There is a subtitle, but that costs extra.


----------



## GerryDavid

Oh, and exposure is a good thing.  The more exposure this project gets, the more possible bidders.  Perhaps some small news stations may be interested in picking this story up or somethiing.  What about posts/threads on discussion boards that will increase the knowledge of the auctions.  Gotta be careful not to spam them though, hehe.

What about finding something related to photography that is really weird, and list that.  The weirst stuff on ebay tends to get lots of press and some companies bid on it, to get some advertising, in a weird way.  I think theres some casino thats buying weird things, and the exposure they get on the news about it makes it worth while.

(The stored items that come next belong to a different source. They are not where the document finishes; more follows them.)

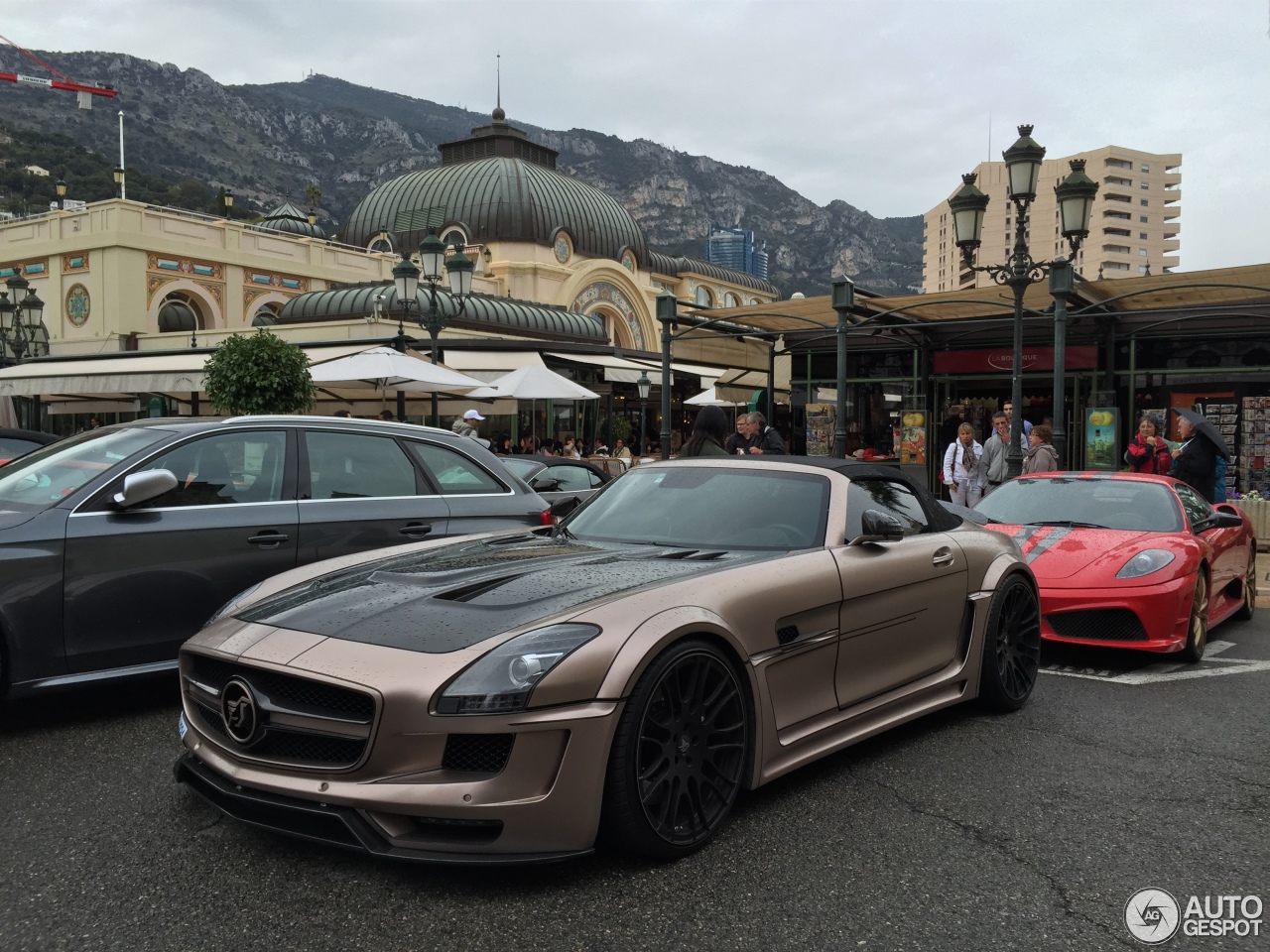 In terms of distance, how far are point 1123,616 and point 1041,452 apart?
499cm

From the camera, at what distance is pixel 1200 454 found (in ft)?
35.4

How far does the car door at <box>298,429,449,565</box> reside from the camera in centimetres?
551

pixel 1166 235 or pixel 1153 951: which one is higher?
pixel 1166 235

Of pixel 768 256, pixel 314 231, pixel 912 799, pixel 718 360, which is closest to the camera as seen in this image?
pixel 912 799

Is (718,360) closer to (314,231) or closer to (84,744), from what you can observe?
(84,744)

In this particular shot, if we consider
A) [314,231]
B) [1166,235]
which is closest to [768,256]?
[1166,235]

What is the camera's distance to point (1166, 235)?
140 metres

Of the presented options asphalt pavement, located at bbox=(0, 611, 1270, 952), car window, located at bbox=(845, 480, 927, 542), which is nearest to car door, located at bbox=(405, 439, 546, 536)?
asphalt pavement, located at bbox=(0, 611, 1270, 952)

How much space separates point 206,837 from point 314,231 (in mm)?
51806

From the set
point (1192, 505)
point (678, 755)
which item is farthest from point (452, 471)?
point (1192, 505)

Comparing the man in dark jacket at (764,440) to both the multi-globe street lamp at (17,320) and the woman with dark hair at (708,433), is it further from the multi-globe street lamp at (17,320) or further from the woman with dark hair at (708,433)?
the multi-globe street lamp at (17,320)

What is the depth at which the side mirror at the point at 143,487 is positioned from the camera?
4.70m

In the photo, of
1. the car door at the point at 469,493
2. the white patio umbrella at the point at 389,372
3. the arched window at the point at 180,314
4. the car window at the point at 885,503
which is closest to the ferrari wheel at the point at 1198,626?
the car window at the point at 885,503

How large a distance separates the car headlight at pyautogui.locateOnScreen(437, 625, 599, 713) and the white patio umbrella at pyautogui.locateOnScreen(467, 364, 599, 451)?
1439 centimetres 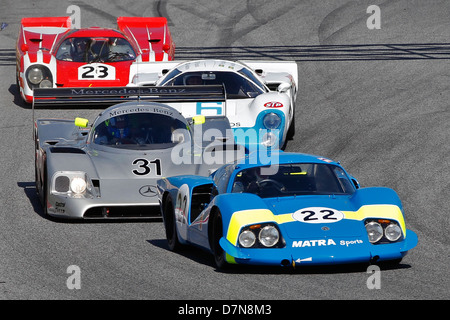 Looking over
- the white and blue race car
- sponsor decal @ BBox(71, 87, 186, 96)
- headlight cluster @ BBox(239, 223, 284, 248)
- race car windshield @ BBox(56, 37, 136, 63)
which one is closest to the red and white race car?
race car windshield @ BBox(56, 37, 136, 63)

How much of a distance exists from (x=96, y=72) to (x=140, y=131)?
214 inches

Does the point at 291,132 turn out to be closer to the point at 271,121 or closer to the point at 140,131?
the point at 271,121

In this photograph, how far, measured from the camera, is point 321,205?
8102 mm

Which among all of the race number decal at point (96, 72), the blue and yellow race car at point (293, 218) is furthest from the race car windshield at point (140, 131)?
the race number decal at point (96, 72)

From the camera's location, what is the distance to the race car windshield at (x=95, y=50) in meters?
17.1

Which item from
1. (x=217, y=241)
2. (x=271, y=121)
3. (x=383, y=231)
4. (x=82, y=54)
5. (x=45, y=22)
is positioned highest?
(x=45, y=22)

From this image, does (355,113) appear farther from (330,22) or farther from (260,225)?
(260,225)

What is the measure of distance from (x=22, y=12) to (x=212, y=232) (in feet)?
58.8

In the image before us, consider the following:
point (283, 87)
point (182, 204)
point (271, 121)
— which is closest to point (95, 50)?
point (283, 87)

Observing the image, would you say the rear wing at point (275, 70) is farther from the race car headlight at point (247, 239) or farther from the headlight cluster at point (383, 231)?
the race car headlight at point (247, 239)

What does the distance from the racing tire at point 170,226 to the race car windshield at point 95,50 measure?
7.90m

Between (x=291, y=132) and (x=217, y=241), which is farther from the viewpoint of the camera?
(x=291, y=132)

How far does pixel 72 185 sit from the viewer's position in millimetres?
10422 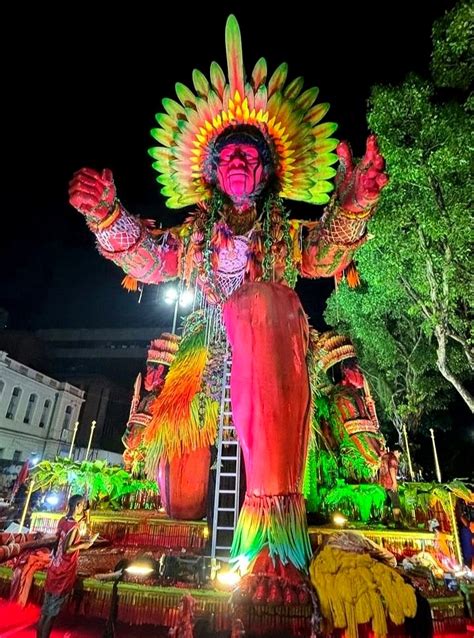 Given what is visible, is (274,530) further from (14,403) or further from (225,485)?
(14,403)

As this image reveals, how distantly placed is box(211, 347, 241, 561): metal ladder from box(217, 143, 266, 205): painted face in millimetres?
1789

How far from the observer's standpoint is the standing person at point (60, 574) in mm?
2316

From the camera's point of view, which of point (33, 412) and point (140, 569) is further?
point (33, 412)

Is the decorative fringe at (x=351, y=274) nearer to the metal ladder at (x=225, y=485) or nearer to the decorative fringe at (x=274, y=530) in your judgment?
the metal ladder at (x=225, y=485)

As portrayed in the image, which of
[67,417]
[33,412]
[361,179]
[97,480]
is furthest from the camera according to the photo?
[67,417]

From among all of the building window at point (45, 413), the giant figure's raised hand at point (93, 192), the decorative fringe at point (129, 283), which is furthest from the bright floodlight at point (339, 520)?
the building window at point (45, 413)

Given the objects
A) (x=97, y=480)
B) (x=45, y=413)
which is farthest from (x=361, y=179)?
(x=45, y=413)

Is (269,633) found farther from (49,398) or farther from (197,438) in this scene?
(49,398)

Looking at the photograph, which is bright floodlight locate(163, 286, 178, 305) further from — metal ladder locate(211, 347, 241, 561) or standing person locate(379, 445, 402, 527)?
standing person locate(379, 445, 402, 527)

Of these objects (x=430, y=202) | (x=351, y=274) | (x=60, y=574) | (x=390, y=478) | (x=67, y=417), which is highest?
(x=430, y=202)

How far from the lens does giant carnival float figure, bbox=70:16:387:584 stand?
2.83m

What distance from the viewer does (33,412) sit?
84.0ft

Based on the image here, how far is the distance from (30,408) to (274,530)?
2720 cm

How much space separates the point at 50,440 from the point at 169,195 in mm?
26957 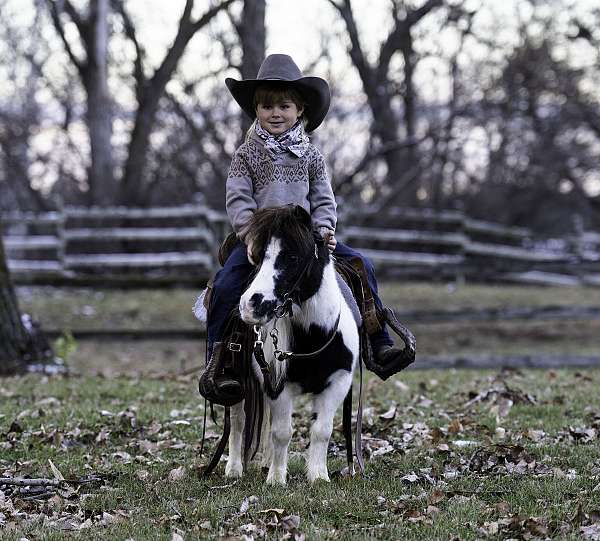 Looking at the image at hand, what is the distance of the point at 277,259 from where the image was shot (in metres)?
4.82

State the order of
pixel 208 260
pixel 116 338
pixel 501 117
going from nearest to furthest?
1. pixel 116 338
2. pixel 208 260
3. pixel 501 117

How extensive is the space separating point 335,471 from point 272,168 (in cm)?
208

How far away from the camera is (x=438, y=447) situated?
647 centimetres

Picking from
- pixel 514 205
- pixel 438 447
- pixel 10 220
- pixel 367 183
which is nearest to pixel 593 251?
pixel 514 205

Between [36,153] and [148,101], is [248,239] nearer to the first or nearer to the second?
[148,101]

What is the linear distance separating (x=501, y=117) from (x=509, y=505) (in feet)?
66.4

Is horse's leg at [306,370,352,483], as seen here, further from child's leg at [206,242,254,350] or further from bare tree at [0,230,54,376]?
bare tree at [0,230,54,376]

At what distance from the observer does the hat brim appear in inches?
222

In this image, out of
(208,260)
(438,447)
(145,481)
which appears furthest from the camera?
(208,260)

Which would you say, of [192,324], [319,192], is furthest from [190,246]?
[319,192]

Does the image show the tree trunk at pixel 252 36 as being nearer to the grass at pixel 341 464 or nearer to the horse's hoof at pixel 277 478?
the grass at pixel 341 464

And theres www.fark.com.  They cover news stories and get alot of traffic daily.


----------



## terri

Oh my goodness, I'm on ebay. :shock: 

 Thanks, Chase and Karalee, for doing all of this to help raise funds for the disaster victims. You guys rock! :hug:: 

I don't see any problem with the way the item has been listed. It's in the appropriate ebay category, under Art and Photographic images. The link to the artist's page is there as well, if folks are curious, I'm not hard to reach.  I think Hobbes is also donating a Polaroid piece, so he may have an idea for an expanded description of this technique. 

The other print, of course, is more traditional.  

If possible, a note saying that S&H is going to be covered by the artist is fine by me.  I consider it part of my personal donation.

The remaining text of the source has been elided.